The phenomenon is a pure consequence of backpropagation: the deep gradient is a product of local derivatives, and a product of small numbers is tiny.

Exercises

Grab something to write with. The solutions are deliberately detailed, line by line. We keep the toy network from act 2, and you are given the useful sigmoid values: $\sigma(0{,}5) = 0{,}622$ and $\sigma(1{,}1) = 0{,}750$ .

Exercise 1. Run the forward pass of the toy network. Compute $z^{(1)}$ , $a^{(1)}$ , then $z^{(2)}$ , using the sigmoid values provided.

Solution to exercise 1: a forward pass by hand

Step 1. Compute the pre-activation of the first hidden neuron.

z^{(1)}_1 = 0{,}1 \cdot 1 + 0{,}2 \cdot 2 + 0 = 0{,}5.

Step 2. Compute that of the second hidden neuron.

z^{(1)}_2 = 0{,}3 \cdot 1 + 0{,}4 \cdot 2 + 0 = 1{,}1.

Step 3. Apply the sigmoid, with the provided values.

a^{(1)} = \big(\sigma(0{,}5),\ \sigma(1{,}1)\big) = (0{,}622,\ 0{,}750).

Step 4. Compute the output pre-activation.

z^{(2)} = 0{,}5 \cdot 0{,}622 + 0{,}6 \cdot 0{,}750 + 0{,}1 = 0{,}311 + 0{,}450 + 0{,}1 = 0{,}861.

Result. $z^{(1)} = (0{,}5,\ 1{,}1)$ , $a^{(1)} = (0{,}622,\ 0{,}750)$ and $z^{(2)} = 0{,}861$ , exactly what the component shows.

Exercise 2. You are given $a^{(2)} = 0{,}703$ and the target $y = 1$ . Compute the output error signal $\delta_{\text{out}}$ , then the gradient $\partial L / \partial w^{(2)}_1$ of the first output weight.

Solution to exercise 2: the output error signal

Step 1. Write the output error signal.

\delta_{\text{out}} = 2(a^{(2)} - y)\,a^{(2)}(1 - a^{(2)}).

Step 2. Compute the gap to the target.

a^{(2)} - y = 0{,}703 - 1 = -0{,}297.

Step 3. Compute the local slope of the output sigmoid.

a^{(2)}(1 - a^{(2)}) = 0{,}703 \cdot 0{,}297 = 0{,}209.

Step 4. Assemble the error signal.

\delta_{\text{out}} = 2 \cdot (-0{,}297) \cdot 0{,}209 = -0{,}124.

Step 5. Multiply by the upstream activation $a^{(1)}_1 = 0{,}622$ for the weight gradient.

\frac{\partial L}{\partial w^{(2)}_1} = \delta_{\text{out}} \cdot a^{(1)}_1 = -0{,}124 \cdot 0{,}622 = -0{,}077.

Result. $\delta_{\text{out}} = -0{,}124$ and $\partial L / \partial w^{(2)}_1 = -0{,}077$ .

Exercise 3. Backpropagate the signal to the first hidden neuron.

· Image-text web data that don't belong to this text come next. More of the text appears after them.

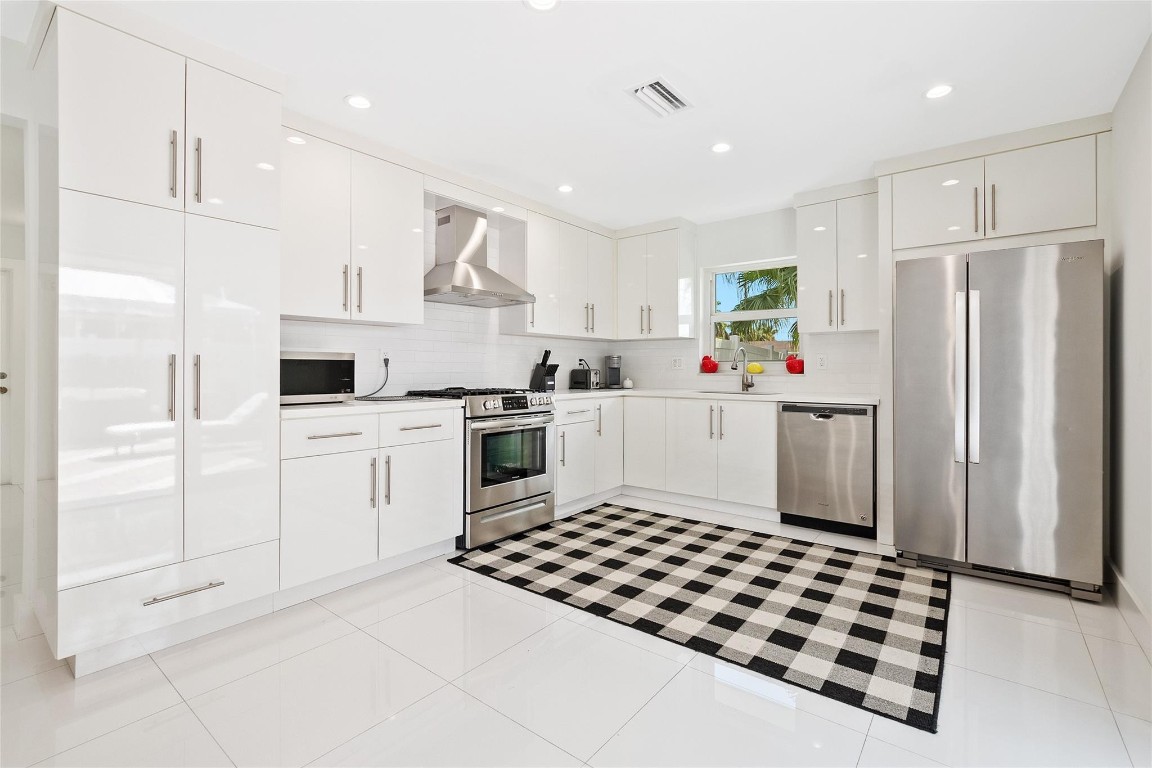 Highland Lakes SEC 7 - Residential Lease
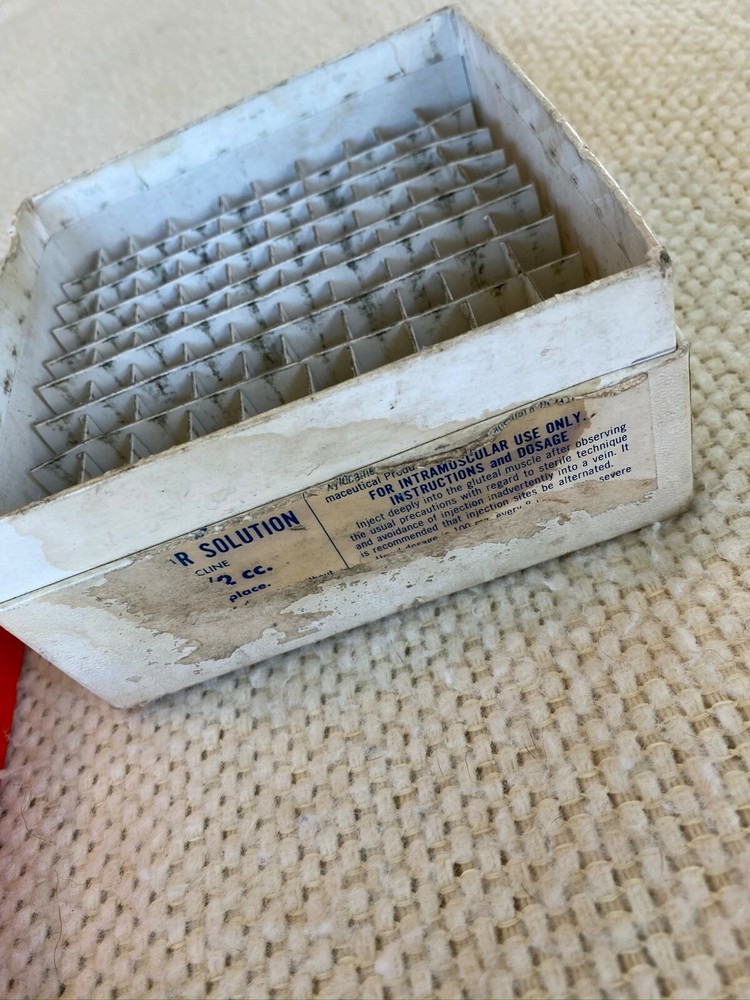MTM Case Card 150 + More Shell Holders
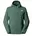 M Hoodie EU Duck Green S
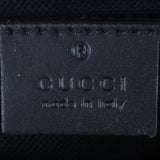 Gucci GG Supreme Messenger Bag Date Code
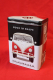 Blechdose VW Bus T1 "Good in shape" (62-082)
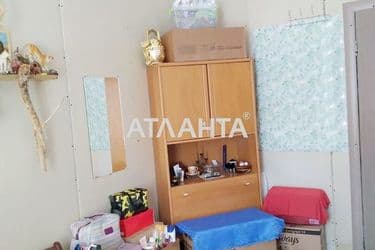 2-комнатная квартира по адресу ул. Черноморского Казачества (площадь 53 м²) - Atlanta.ua - фото 45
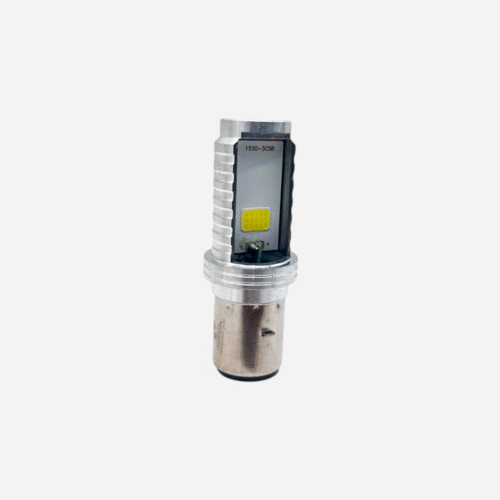 Bombillo LED 2 Contactos 2 Caras HN-C023
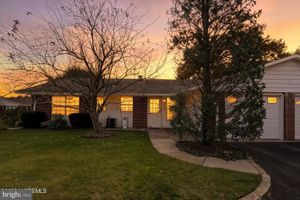 1087 ARGYLL CIR B, LAKEWOOD, NJ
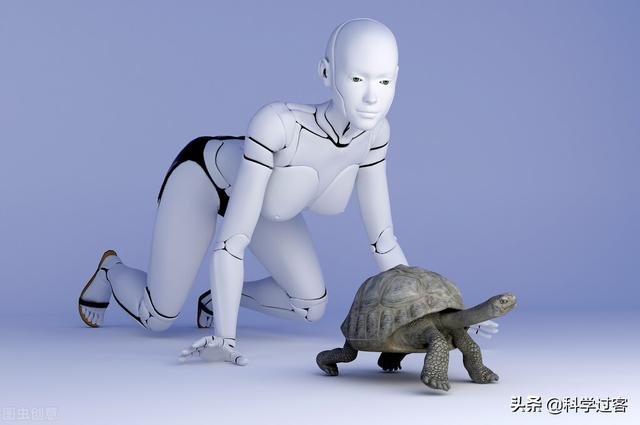 atp合成场所，ATP在哪里合成（仿生机器人、轮子和ATP合酶——漫谈仿生学）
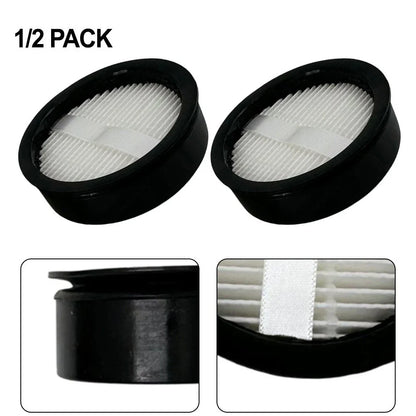 HEPA Filter for Dreame Trouver J10 J20 J30 J40 Vacuum Cleaner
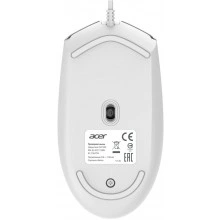 Комплект клавиатуры и мыши Acer OCC504 ZL.ACC11.00N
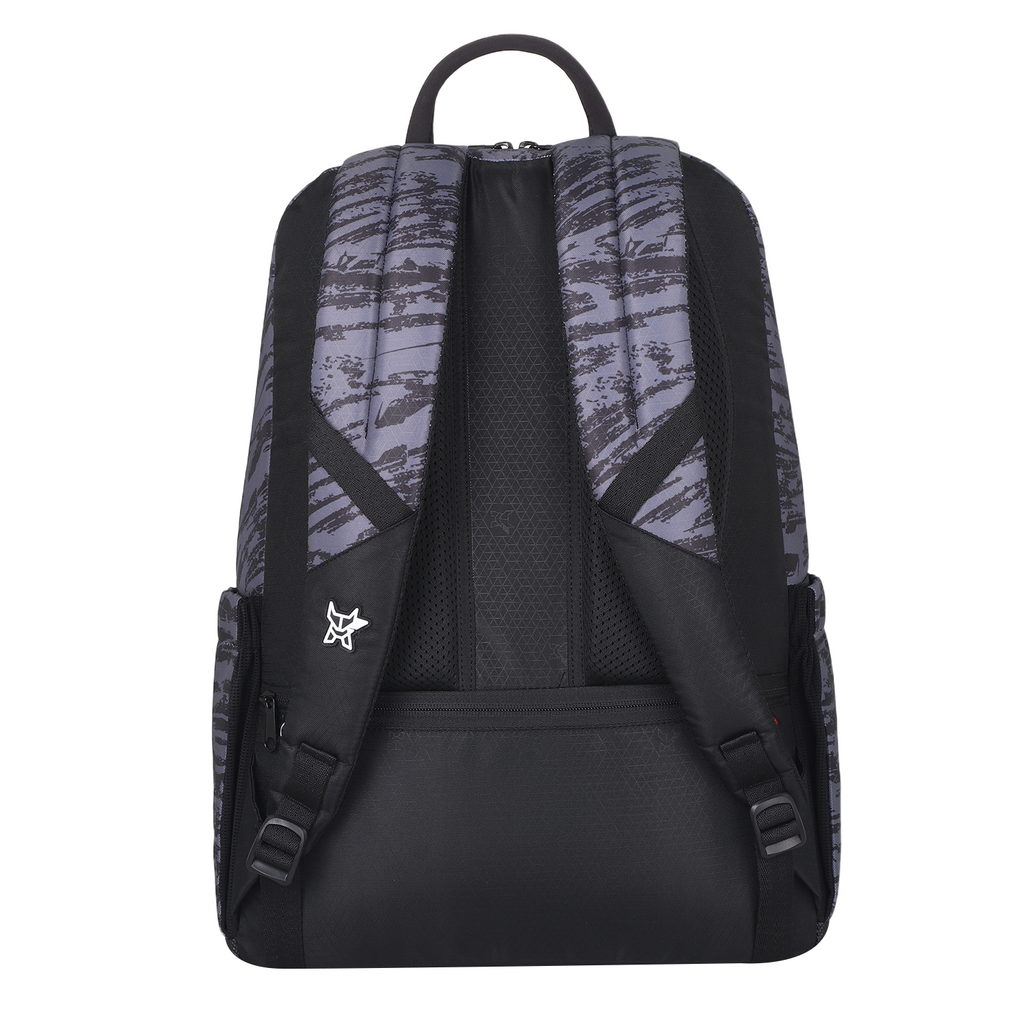 Arctic Fox Samurai 35L Laptop Backpack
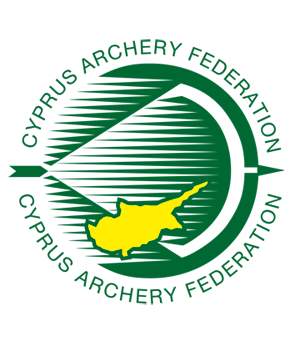 <span class="mw-page-title-main">Cyprus Archery Federation</span>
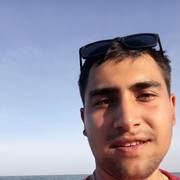  ,  Oleg, 31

Compute $\delta^{(1)}_1$ , then the gradient $\partial L / \partial w^{(1)}_{11}$ (the weight from the first input to the first hidden neuron). Recall $a^{(1)}_1 = 0{,}622$ , $w^{(2)}_1 = 0{,}5$ and $\delta_{\text{out}} = -0{,}124$ .

Solution to exercise 3: backpropagating to a hidden layer

Step 1. Write the hidden neuron’s error signal. It has a single downstream neuron, the output, so the sum reduces to one term.

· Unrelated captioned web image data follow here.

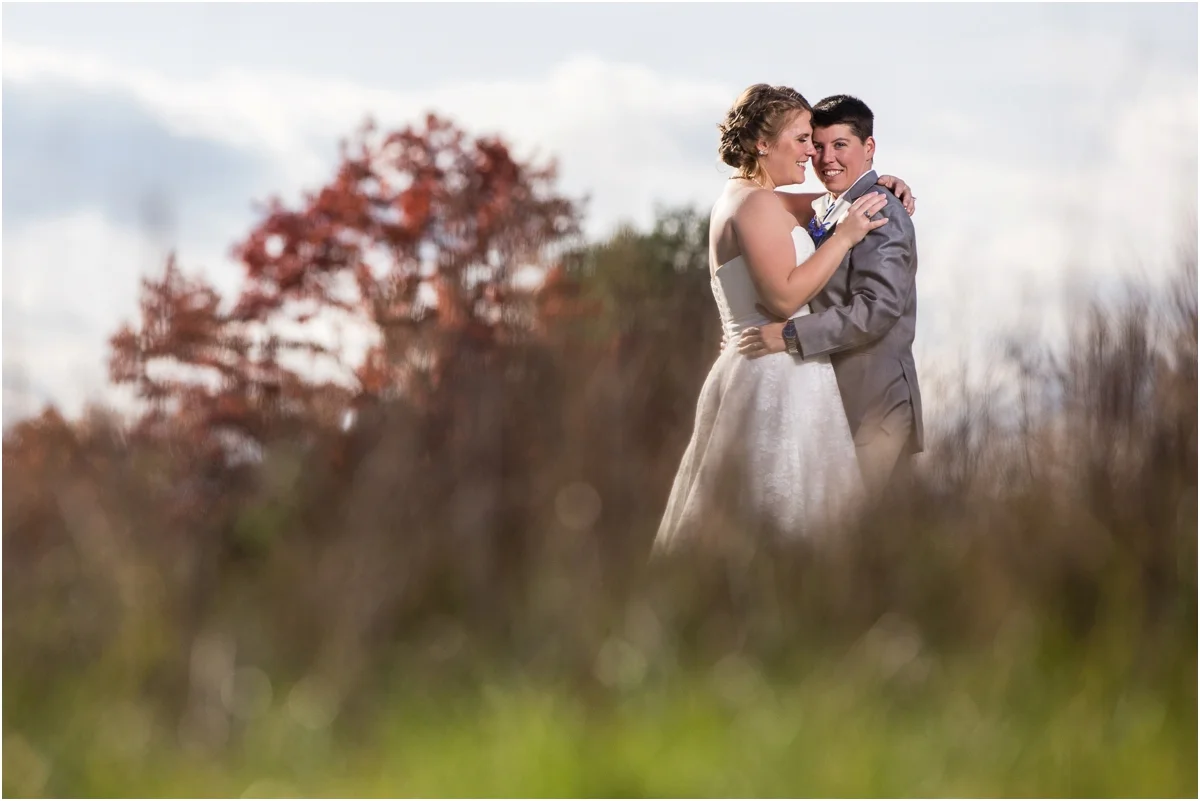 The-Red-Barn-Hampshire-College-Wedding-Four-Wings-Photography_0001.jpg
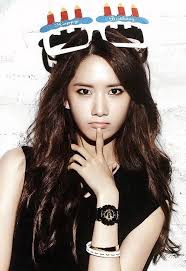 Pin Su Korean Babes
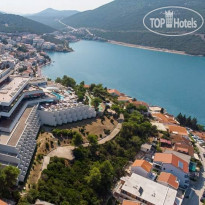 Grand Hotel Neum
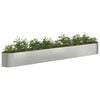 Product Thumbnail Image 2 of 7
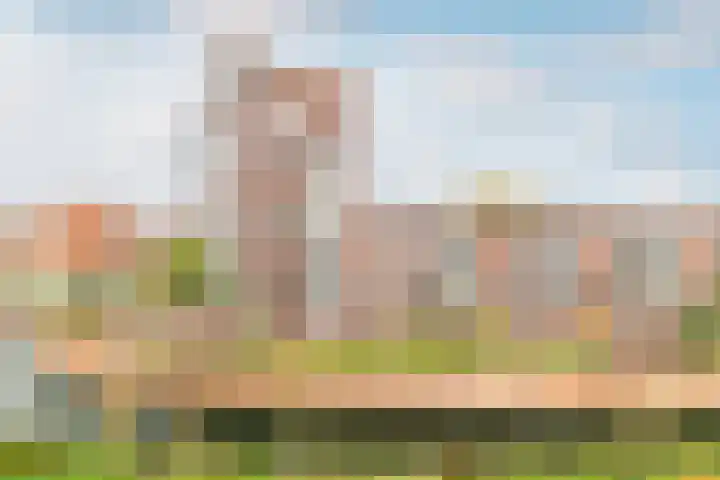 Snellenshof 14 Breda thumbnail 16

\delta^{(1)}_1 = w^{(2)}_1\,\delta_{\text{out}}\,\cdot\,a^{(1)}_1(1 - a^{(1)}_1).

Step 2. Compute the share of error brought back by the output weight.

w^{(2)}_1\,\delta_{\text{out}} = 0{,}5 \cdot (-0{,}124) = -0{,}062.

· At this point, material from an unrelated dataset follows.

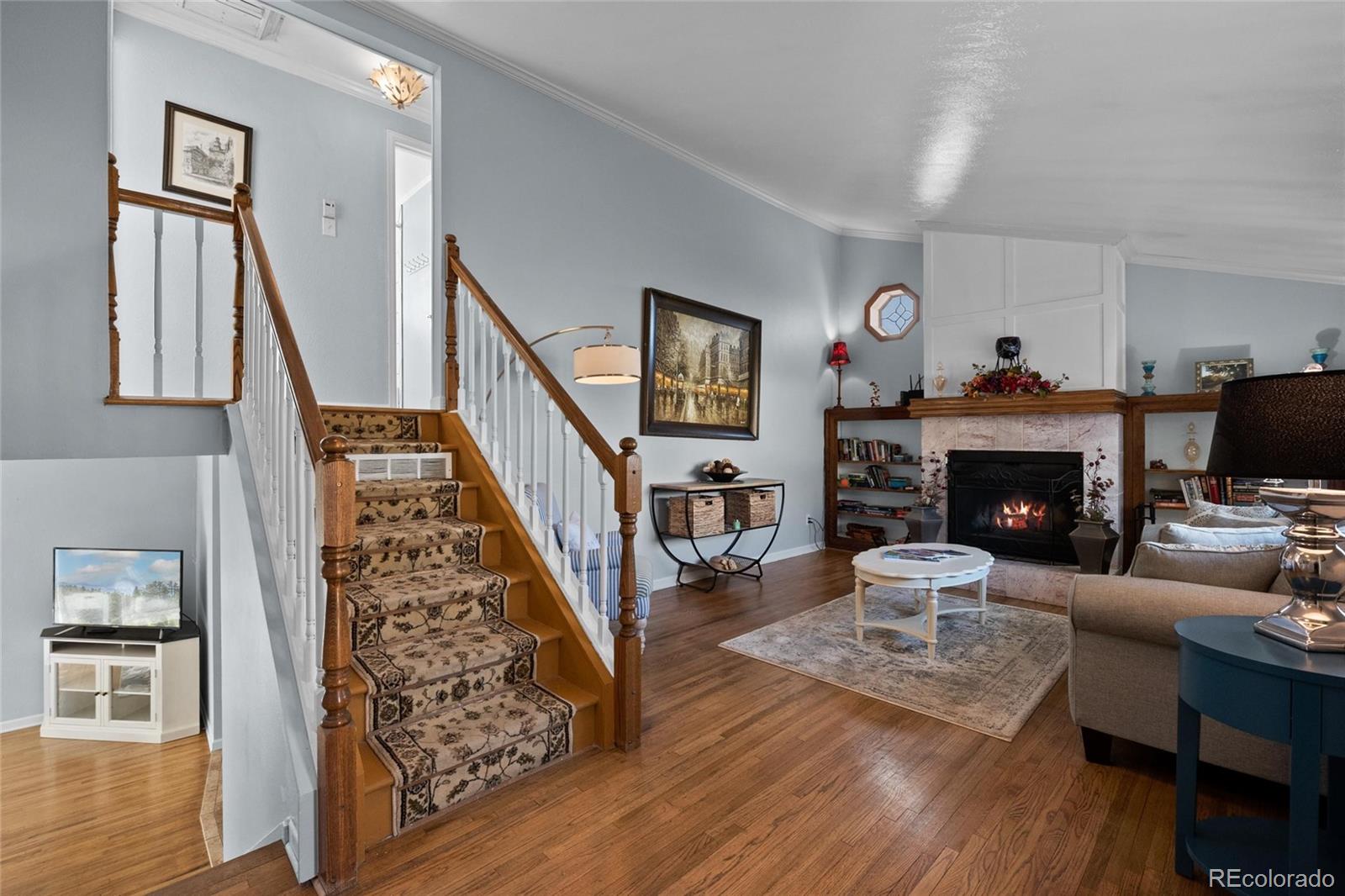 MLS Image #2 for 6466  ammons street,arvada, Colorado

Step 3. Compute the local slope of the hidden neuron.

a^{(1)}_1(1 - a^{(1)}_1) = 0{,}622 \cdot 0{,}378 = 0{,}235.

Step 4. Assemble the hidden error signal.

\delta^{(1)}_1 = -0{,}062 \cdot 0{,}235 = -0{,}015.

Step 5. Multiply by the input $x_1 = 1$ for the weight gradient.

\frac{\partial L}{\partial w^{(1)}_{11}} = \delta^{(1)}_1 \cdot x_1 = -0{,}015 \cdot 1 = -0{,}015.

Result. $\delta^{(1)}_1 = -0{,}015$ and $\partial L / \partial w^{(1)}_{11} = -0{,}015$ . The hidden signal is much smaller than the output one: the product has started to melt.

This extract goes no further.